Había esperanza en su voz. Jonas le dirigió otra sonrisa traviesa.

– Mañana por la noche te raptaré -prometió.

– Sarah tendrá un ataque -advirtió Hannah.

– No, no lo hará. Sabe que no puedes permanecer enjaulada en la casa y no puedes salir en público, así que esto es lo mejor. Nadie pensará en buscarte allí. Estarás a salvo, Sarah lo aprobará, y conseguiré averiguar de una vez por todas si llevas tanga o nada en absoluto

– Estás terriblemente obsesionado con mi ropa interior -bromeó ella.

– O por la falta de ella -admitió él-. Pienso en ello más de lo que debería.

Advirtió la honestidad en su voz. ¿Cómo podía esa simple admisión hacer que se calentase por todas partes?

– Déjame asegurarte que casi siempre llevo puesta ropa interior. -Tuvo que apretar los dientes para evitar reírse de su expresión.

– ¿Casi siempre? Eso no está bien, Hannah. Ahora no voy a tener nunca un momento de paz a tu alrededor.

Pareció satisfecha.

– Lo sé.

Jonas se rió, un sonido intenso y verdadero, pleno de diversión y que hacía que su corazón remontara. Dio unos pasos de baile en la arena, extendiendo los brazos, olvidando completamente por un momento que estaba desfigurada y que alguien la odiaba lo suficiente como para matarla. Ella miró hacia el cielo.

– Probablemente podríamos construir un castillo de arena antes de que la niebla se vaya.

– No tenemos herramientas.

– ¿Herramientas? -dio un bufido desdeñoso-. Aficionado.

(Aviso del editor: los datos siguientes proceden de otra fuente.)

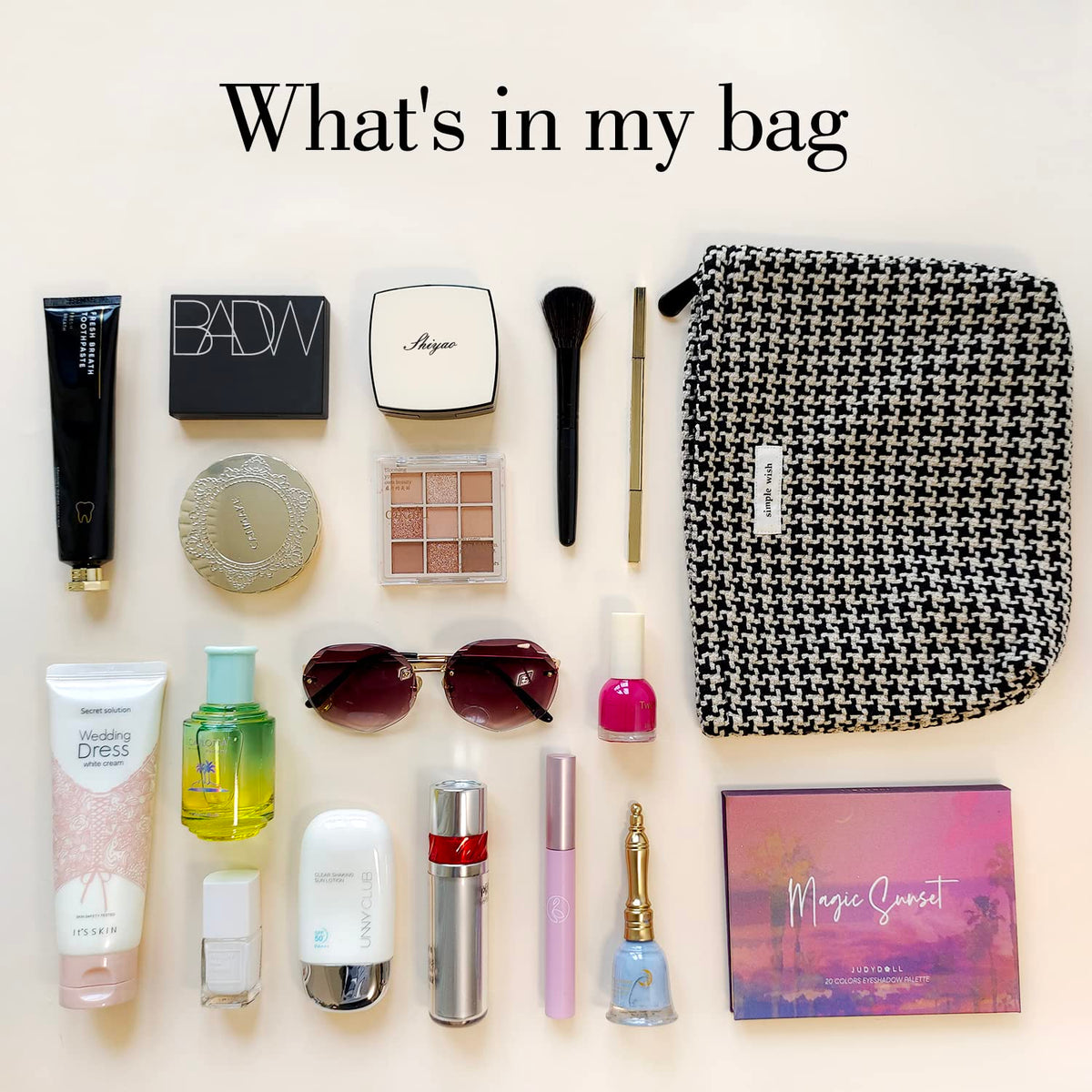 STARDW Checkered Makeup Bag side view highlighting zipper detail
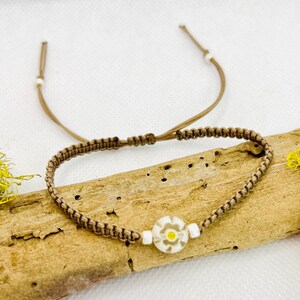 Glass White Daisy Macrame Bracelet, Adjustable Macrame Bracelet, Greatest Joy Gifts, Macrame Jewelry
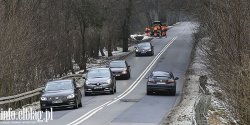 Gm. Milejewo: Trwa atanie dziur na 504. To wystarczy, aby poprawi fatalny stan tej drogi?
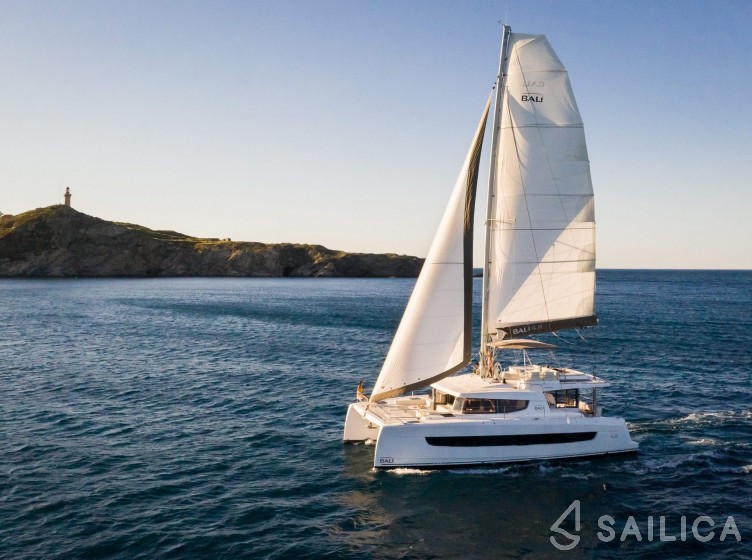 Bali 4.8  - Yacht Charter Sailica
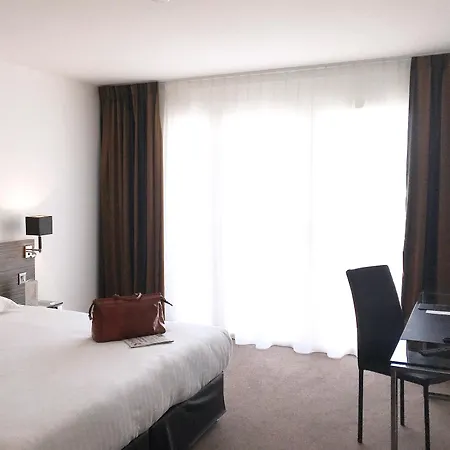 Golden Tulip And Отель Ла-Боль-Эскублак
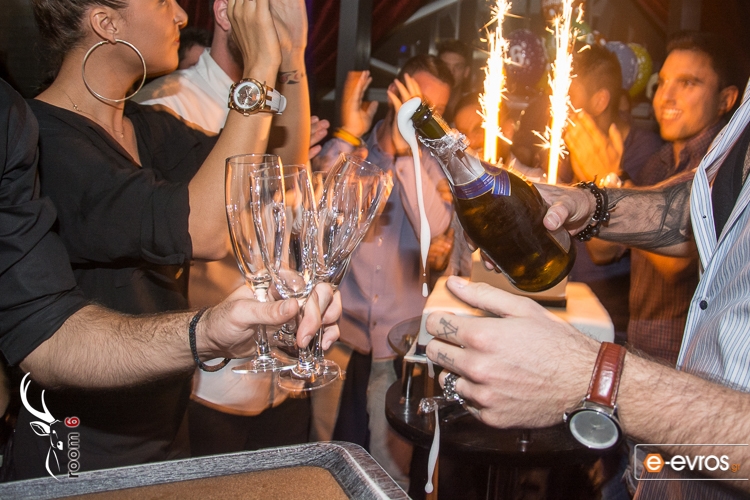 "One Year Anniversary Party" στο Room 6.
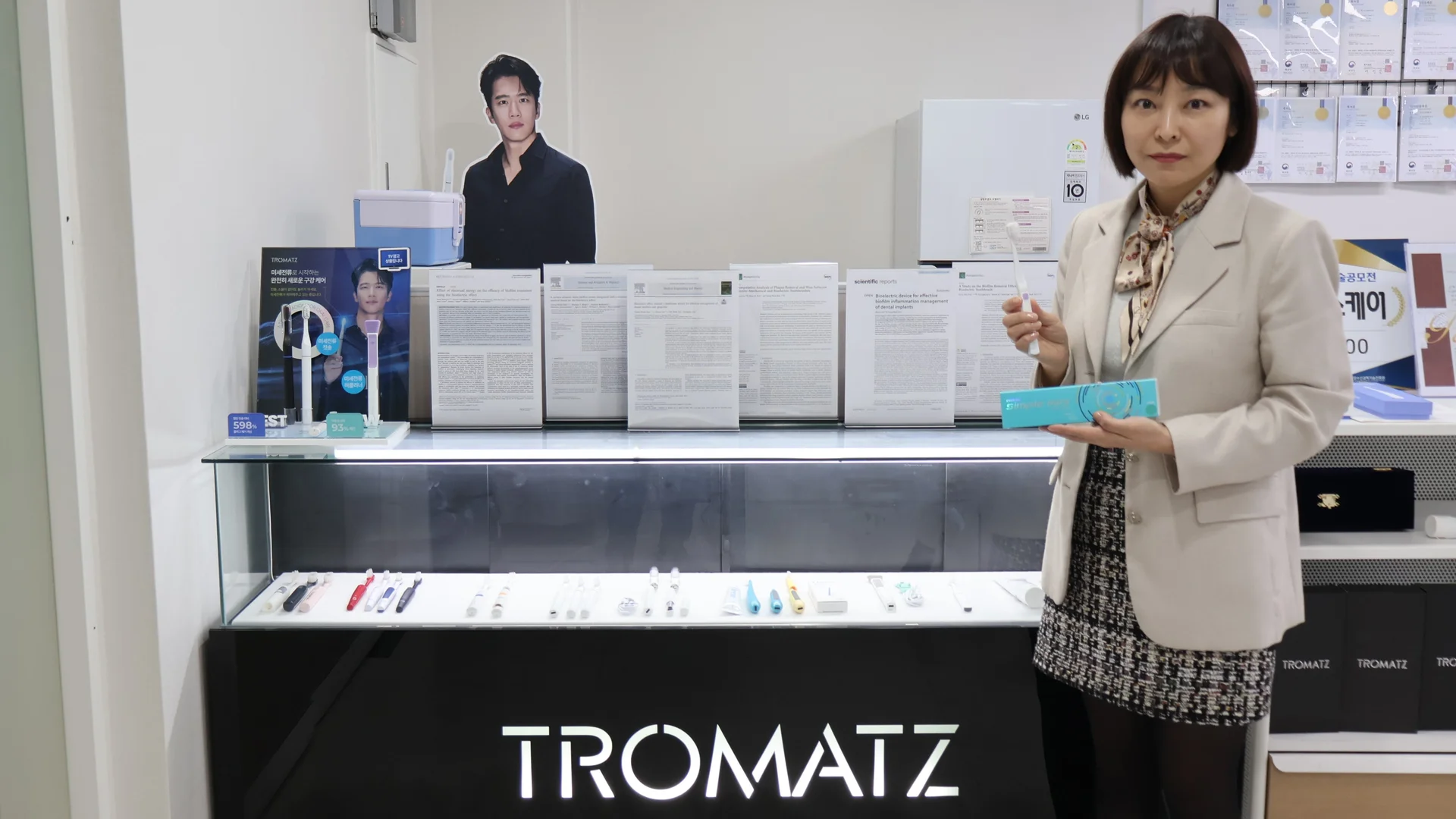 칫솔을 들고 있는 김영실 이사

– Acabas de llamarme aficionado.

– Lo hice. Construye tu castillo de arena por ahí. Tienes doce minutos. Eso es todo y tendremos que irnos.

Ya estaba poniéndose en cuclillas, cavando en busca de arena más húmeda. Ella estaba de rodillas haciendo lo mismo. Minutos más tarde, cuando Jonas la miró, estaba haciendo trampa, dirigiendo pequeñas ráfagas de viento para construir las paredes del castillo. Abrió su boca para reprochárselo, pero parecía tan concentrada, como una niña jugando, despreocupada y feliz, que no quería interrumpirla ni siquiera para bromear.

Hannah hundió sus manos en la arena, guiando distraídamente pequeñas ráfagas de viento para esculpir el castillo. La arena se sentía bien, terrosa y granulada, el castillo tomaba forma rápidamente. Construyó un puente sobre el foso defensivo enviando una racha de viento a que tallara un túnel a través de la arena. Explotó por el otro lado, salpicando a Jonas lo bastante fuerte como para picarle.

Se cubrió la boca, amortiguando la risa cuando él giró tan rápido que perdió el equilibrio y cayó en la arena húmeda que había estado amontonando cuidadosamente.

– Pobrecito. Tu castillo de arena parece un poco anémico. -Se inclinó para meter su dedo en la ladera donde la arena se derrumbaba-. Tienes que apretarla fuerte, Jonas.